Canadian-Australian broadcaster, radio producer and journalist

Beverley Wang is a Canadian Australian broadcaster, radio producer and journalist. As of 2022, she was host of two programs on ABC Radio National and an executive producer. She also created and hosted It's Not a Race, an ABC podcast dealing with issues of race and identity in Australian culture in 2017–2018.
As of February 2024 she presents Life Matters on Fridays, and co-hosts the weekly pop culture show Stop Everything!.

== Early life and education ==
Wang was born in Vancouver, Canada, to a Taiwanese Canadian family who had emigrated to the country in the 1970s. The second of four children, she has described herself growing up as "an angry, 90s, grunge teenager, seeing all the injustice in the world."

Though her parents were not wealthy, they sent her to an elite private school where many of the students were from wealthy backgrounds, an experience that honed her consciousness of "differences and divisions" in society.

Wang showed an early aptitude for writing, becoming an editor of her high school newspaper. After graduating from university, she became an English teacher in Japan before being accepted in 2002 into journalism school at New York University.

==Career==
After graduation, Wang served a number of internships with New York media outlets, most notably with the New York Daily News, which gave her a first taste of the intensity of daily news reporting.

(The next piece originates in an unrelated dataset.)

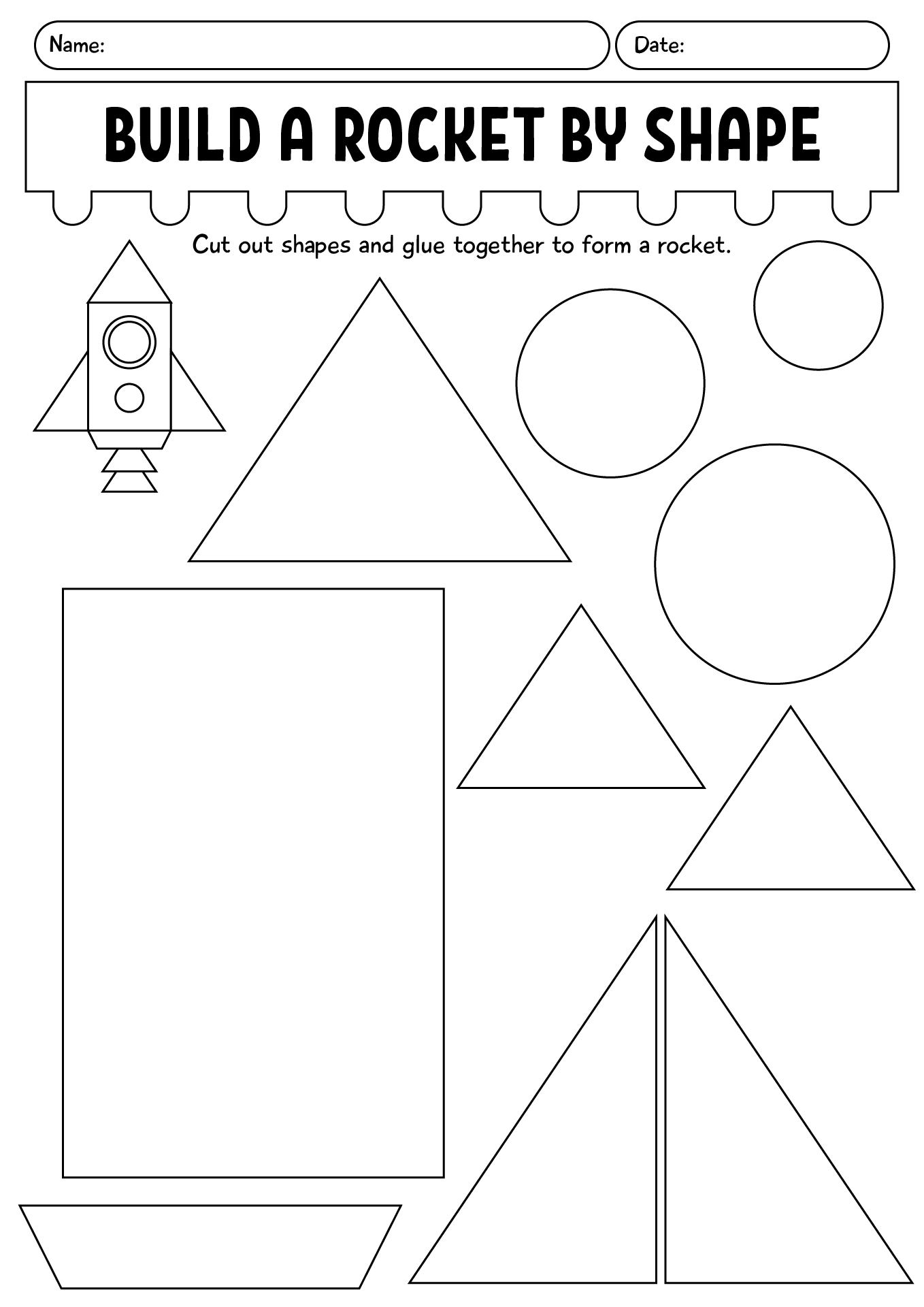 Build A Rocket By Shape Worksheet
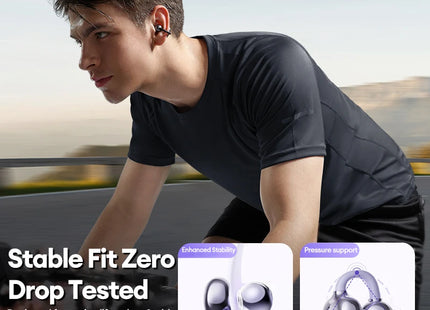 Casque Bluetooth Lenovo Pro LE3  : Réduction de Bruit Active, 25h d'Autonomie, Écouteurs Sport Clip Ear (IPX4, Bluetooth 6.0) - Gris/Violet/Beige/Rose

Her first journalism job was with The Journal News, a New York regional newspaper, where she worked for less than a year before becoming a reporter for Associated Press.

She has spoken about the challenges of on-the-beat reporting, in particular, of having to interview people at difficult times in their lives, such as after bereavements. The reporter is caught in the situation of, on the one hand, being required to get the interview, while on the other, trying to show empathy and sensitivity to the interviewee, noting that this is not taught in journalism courses. The stress of breaking news reporting was a contributing factor toward her eventually seeking other areas of work in her chosen field.

Wang emigrated to Australia in 2009, where she secured a job with the Australian Broadcasting Corporation as an online news reporter, focusing on the Asia-Pacific region and current affairs.

When the network offered her a role as a stand-in radio producer, Wang readily agreed, though lacking any broadcasting experience. After a two-day training course, she went on to produce live programs for Radio Australia, ABC NewsRadio, and Radio National, before eventually establishing herself as executive producer of the latter's RN Drive program.

Wang has had several roles with Radio National. As of February 2024, she continues to co-host (with Benjamin Law) and produce RN's Stop Everything!, a program focusing on issues raised by pop culture, and is the Friday host of Life Matters, a weekday morning magazine program exploring social issues.

In 2017, Wang started her own podcast for Radio National, called It's Not a Race, which deals with questions of race and identity in Australian culture. The podcast was generally well-received, particularly by Australian people of colour, and stimulated discussions about race in Australia. It ran from 22 May 2017 to 4 May 2018.

== Controversies ==
In 2017, a colleague of Wang at the ABC, Radio 774 morning presenter Red Symons, interviewed Wang about her podcast It's Not a Race. Symons, known for his mock-hostile persona, began by asking her "what's the deal with Asians?... are they all the same?", and questioning whether her real name was "Beverley". When portions of the interview went to air, it drew complaints and was quickly removed from the ABC website. Symons later apologised, saying "I came across as racist and I was wrong in the way I conducted the interview", adding "this is not who I am".

In 2021, Wang wrote an article about Bluey, a popular Australian children's cartoon series in which the characters are dogs. While praising the show as "tender, nuanced and joyful", she continued: "As a parent of colour, I am always conscious of the presence — or absence — of diverse representation in kids' pop culture, what it means for children and the conversations we have around that", noting the absence of diversity in the series. Her comments raised both support and criticism on social media.